# Who yields to who?



## Phillips (Feb 19, 2004)

Had an interesting debate with a fellow SE paddler. I guess I'm a SE paddler now that I'm in the SE. I've always learned to yield to upriver boaters. Is this wrong? I never eddy out in front of an upriver boater. Been doing this for years. What do yall think>


----------



## seantana (Mar 5, 2015)

I would think it would make sense for downriver boaters to have the right of way, like when skiing. The uphill skier/upriver boater has the view, anyone below them would have to be looking over their shoulder to know you were there, which can be dangerous in certain situations. Curious on others' thoughts on this, too.


----------



## glenn (May 13, 2009)

Down river traffic has the right of way. 

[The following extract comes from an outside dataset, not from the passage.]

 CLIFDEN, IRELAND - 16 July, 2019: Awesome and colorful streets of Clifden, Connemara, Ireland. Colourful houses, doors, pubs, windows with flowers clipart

Sent from my SAMSUNG-SGH-I537 using Mountain Buzz mobile app


----------



## GC Guide (Apr 10, 2009)

Down stream boat always has right of way!


----------



## SteamboatBORN (Sep 22, 2012)

seantana said:


> I would think it would make sense for downriver boaters to have the right of way, like when skiing. The uphill skier/upriver boater has the view, anyone below them would have to be looking over their shoulder to know you were there, which can be dangerous in certain situations. Curious on others' thoughts on this, too.

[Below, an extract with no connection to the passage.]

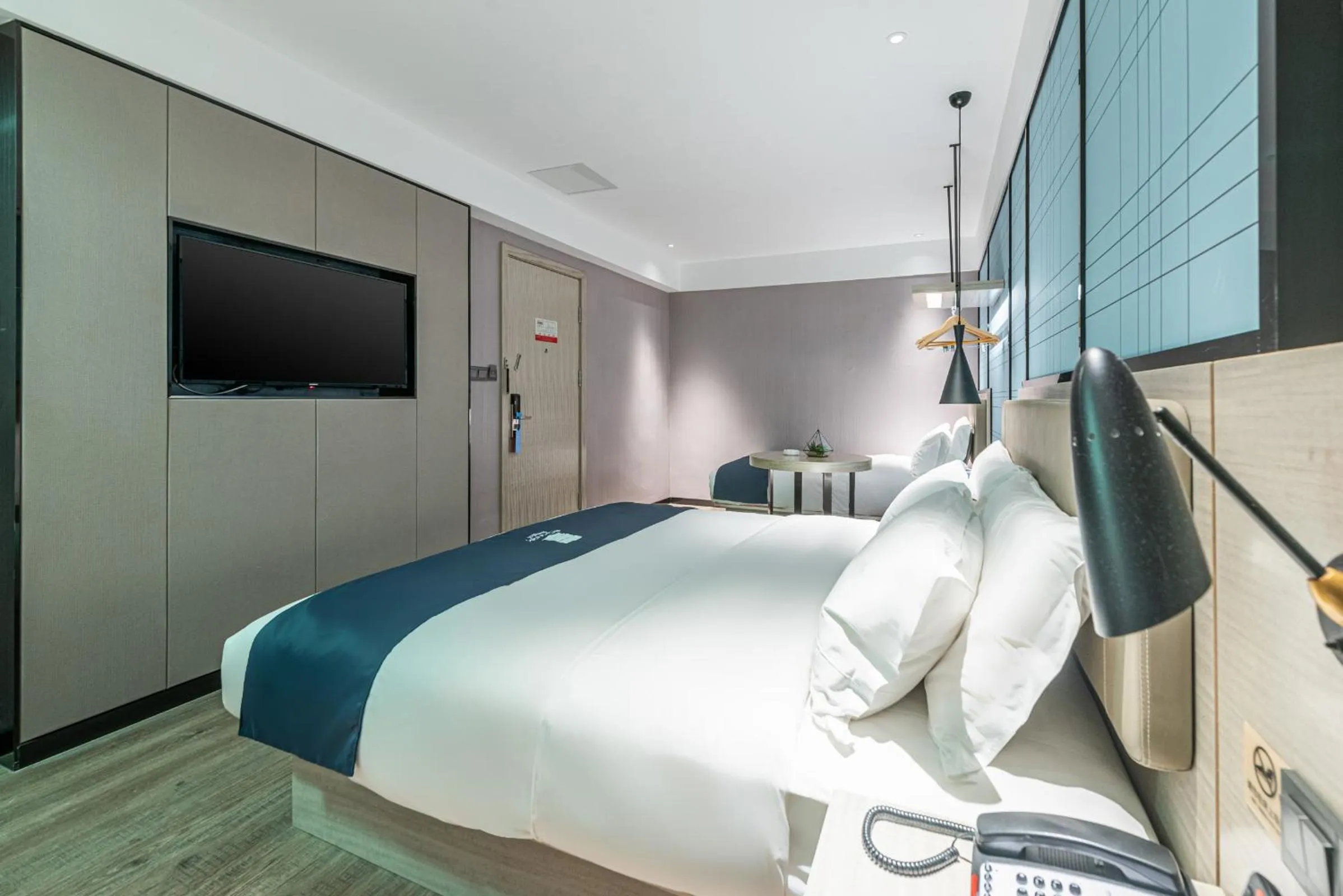 Bedroom in Echarm Hotel Yangshuo West Stree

I might be reading your post wrong, but down hill skier must always yield to skier down the slope from him. Its because they can not look over shoulder.


----------



## seantana (Mar 5, 2015)

SteamboatBORN said:


> I might be reading your post wrong, but down hill skier must always yield to skier down the slope from him. Its because they can not look over shoulder.


Same thing, different phrasing. If you're uphill/upriver, you yield to those below you.


----------



## SteamboatBORN (Sep 22, 2012)

seantana said:


> Same thing, different phrasing. If you're uphill/upriver, you yield to those below you.


Cool, we are on same page, haha. 

I have always had right of way going into a play feature when coming down the river. Kayaker or Sup playing on feature must yield to me, maybe this is because they are looking upstream when playing on wave.


----------



## seantana (Mar 5, 2015)

SteamboatBORN said:


> Cool, we are on same page, haha.
> 
> I have always had right of way going into a play feature when coming down the river. Kayaker or Sup playing on feature must yield to me, maybe this is because they are looking upstream when playing on wave.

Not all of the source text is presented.